ASSIGNMENT – List all lines of the data that include the string "Bass".
___ INFORMATION SHOWN
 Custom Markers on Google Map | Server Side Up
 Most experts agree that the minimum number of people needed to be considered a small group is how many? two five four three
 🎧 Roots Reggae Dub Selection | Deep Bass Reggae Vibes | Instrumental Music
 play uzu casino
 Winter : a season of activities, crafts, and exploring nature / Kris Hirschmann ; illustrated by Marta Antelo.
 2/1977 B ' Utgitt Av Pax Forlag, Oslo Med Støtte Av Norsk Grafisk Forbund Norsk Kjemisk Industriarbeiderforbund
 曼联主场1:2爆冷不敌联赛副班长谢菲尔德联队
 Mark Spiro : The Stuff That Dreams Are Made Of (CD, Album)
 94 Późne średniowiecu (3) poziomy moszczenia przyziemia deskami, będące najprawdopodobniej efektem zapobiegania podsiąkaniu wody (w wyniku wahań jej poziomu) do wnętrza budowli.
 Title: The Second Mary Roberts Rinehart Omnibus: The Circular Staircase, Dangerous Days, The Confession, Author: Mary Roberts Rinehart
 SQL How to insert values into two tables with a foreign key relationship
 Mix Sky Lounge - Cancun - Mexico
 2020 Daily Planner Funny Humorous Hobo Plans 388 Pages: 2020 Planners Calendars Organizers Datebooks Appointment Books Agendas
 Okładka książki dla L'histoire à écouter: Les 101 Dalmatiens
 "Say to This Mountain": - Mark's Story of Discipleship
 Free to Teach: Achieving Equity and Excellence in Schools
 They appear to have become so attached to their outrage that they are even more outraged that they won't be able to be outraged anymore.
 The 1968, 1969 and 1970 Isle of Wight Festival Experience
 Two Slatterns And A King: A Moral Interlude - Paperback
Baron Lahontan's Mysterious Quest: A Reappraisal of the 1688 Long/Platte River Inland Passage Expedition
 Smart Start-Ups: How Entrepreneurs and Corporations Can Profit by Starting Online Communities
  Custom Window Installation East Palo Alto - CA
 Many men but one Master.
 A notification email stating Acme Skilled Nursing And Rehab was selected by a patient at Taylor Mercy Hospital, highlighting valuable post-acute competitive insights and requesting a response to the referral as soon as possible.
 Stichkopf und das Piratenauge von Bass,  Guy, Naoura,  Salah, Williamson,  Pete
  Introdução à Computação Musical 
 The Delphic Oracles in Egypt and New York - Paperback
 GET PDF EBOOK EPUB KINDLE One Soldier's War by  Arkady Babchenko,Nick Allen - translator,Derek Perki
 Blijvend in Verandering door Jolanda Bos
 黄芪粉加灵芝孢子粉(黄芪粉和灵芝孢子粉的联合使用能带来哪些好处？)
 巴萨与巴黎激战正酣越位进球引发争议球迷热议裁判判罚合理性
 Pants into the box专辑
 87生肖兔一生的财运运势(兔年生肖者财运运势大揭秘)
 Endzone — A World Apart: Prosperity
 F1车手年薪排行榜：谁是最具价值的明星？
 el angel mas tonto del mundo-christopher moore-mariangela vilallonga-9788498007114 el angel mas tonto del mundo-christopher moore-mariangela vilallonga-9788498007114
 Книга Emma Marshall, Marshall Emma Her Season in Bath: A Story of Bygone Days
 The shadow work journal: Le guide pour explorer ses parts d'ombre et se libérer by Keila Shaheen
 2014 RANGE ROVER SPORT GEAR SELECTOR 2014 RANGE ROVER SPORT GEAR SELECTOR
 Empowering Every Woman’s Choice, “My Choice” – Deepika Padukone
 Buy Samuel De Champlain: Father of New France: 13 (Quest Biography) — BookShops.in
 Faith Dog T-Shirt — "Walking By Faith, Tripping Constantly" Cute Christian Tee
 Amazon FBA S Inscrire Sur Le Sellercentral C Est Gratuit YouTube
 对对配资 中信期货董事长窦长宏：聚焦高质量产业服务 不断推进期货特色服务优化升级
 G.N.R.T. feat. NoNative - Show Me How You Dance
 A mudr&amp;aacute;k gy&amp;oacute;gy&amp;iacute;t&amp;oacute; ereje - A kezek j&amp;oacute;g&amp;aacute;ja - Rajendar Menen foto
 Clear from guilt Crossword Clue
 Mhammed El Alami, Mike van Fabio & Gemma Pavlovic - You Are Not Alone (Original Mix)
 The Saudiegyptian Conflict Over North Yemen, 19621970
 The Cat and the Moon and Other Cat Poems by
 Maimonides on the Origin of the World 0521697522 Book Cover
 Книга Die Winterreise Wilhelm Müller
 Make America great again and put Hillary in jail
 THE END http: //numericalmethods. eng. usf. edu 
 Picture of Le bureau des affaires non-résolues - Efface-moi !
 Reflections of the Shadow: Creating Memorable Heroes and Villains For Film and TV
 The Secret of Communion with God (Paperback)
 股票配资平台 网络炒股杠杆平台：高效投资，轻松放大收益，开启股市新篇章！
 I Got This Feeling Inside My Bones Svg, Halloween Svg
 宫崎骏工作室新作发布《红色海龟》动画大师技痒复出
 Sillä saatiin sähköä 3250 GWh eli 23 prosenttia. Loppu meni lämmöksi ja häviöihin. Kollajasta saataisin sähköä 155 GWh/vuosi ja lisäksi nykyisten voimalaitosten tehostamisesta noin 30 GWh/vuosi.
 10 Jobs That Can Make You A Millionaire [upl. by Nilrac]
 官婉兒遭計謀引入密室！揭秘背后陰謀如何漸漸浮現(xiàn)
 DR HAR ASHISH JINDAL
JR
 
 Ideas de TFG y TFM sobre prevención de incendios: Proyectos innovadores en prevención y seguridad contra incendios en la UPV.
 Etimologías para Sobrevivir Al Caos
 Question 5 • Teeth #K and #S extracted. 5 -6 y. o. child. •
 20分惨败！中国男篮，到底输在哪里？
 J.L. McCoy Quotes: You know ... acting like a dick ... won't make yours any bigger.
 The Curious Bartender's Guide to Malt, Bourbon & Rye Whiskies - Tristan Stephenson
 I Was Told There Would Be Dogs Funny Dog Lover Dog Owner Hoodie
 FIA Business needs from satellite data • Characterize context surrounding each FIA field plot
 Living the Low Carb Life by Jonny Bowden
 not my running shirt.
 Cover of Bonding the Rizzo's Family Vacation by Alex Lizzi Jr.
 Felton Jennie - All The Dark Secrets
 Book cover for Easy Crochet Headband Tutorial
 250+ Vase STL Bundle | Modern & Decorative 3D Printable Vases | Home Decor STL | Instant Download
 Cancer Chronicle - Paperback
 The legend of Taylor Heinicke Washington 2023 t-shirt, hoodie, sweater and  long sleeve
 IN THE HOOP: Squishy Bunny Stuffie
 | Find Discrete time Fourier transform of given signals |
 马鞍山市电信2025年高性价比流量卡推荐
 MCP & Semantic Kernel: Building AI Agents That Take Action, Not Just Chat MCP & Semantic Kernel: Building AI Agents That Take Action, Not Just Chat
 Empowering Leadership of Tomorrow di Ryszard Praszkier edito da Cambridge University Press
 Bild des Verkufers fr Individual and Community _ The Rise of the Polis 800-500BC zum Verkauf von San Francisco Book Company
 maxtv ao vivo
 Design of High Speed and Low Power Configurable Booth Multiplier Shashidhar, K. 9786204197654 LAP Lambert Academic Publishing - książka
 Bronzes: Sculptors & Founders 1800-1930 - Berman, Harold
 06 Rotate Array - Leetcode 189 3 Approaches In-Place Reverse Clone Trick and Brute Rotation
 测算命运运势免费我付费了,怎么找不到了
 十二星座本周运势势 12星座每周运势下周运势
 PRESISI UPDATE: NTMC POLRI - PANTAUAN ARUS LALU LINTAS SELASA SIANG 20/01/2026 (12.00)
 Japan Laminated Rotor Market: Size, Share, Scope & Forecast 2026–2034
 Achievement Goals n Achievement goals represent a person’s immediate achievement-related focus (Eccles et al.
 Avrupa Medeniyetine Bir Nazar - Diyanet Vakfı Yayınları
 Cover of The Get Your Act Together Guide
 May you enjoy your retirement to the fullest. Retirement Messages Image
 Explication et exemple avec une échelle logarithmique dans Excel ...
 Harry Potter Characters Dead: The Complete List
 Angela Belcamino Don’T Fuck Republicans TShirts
______
ANSWER SPACE –
 🎧 Roots Reggae Dub Selection | Deep Bass Reggae Vibes | Instrumental Music
 Stichkopf und das Piratenauge von Bass,  Guy, Naoura,  Salah, Williamson,  Pete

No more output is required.